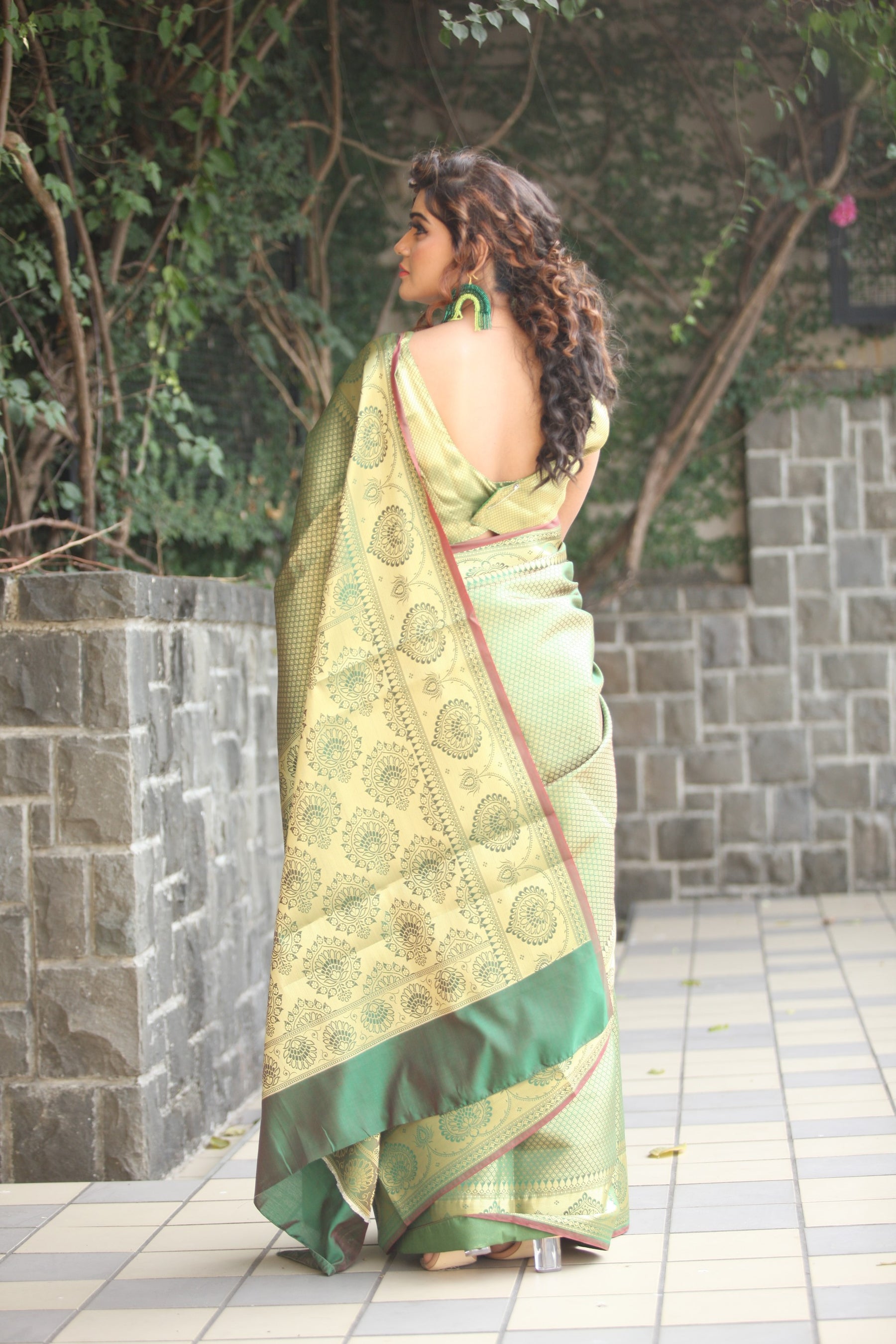 Green Banarasi Silk Saree - Indian Clothing in Denver, CO, Aurora, CO, Boulder, CO, Fort Collins, CO, Colorado Springs, CO, Parker, CO, Highlands Ranch, CO, Cherry Creek, CO, Centennial, CO, and Longmont, CO. Nationwide shipping USA - India Fashion X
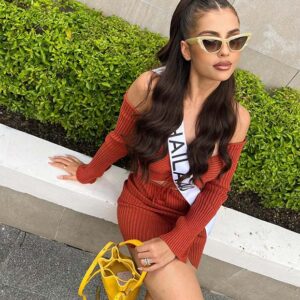 แอนโทเนีย โพซิ้ว glasses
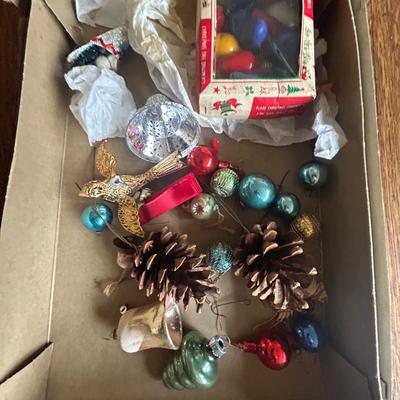 Christmas ornaments and holiday decor, estate group lot, all seen photos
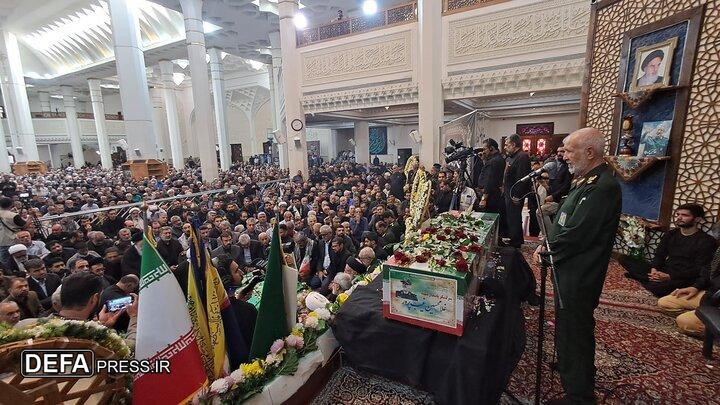 تشییع پیکر سرلشکر شهید «غیب پرور» در شیراز برگزار شد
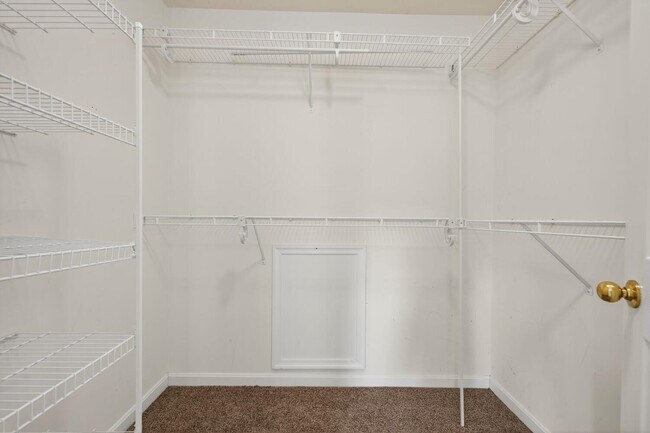 Building Photo - 12031 Arista Manor Way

====================

EXERCISE DESCRIPTION:
Everything from the line holding "แอนโทเนีย โพซิ้ว glasses" to the close of the records should be written out exactly, both ends included, with pictures omitted.

SOLVED PROBLEM:
 แอนโทเนีย โพซิ้ว glasses
 Christmas ornaments and holiday decor, estate group lot, all seen photos
 تشییع پیکر سرلشکر شهید «غیب پرور» در شیراز برگزار شد
 Building Photo - 12031 Arista Manor Way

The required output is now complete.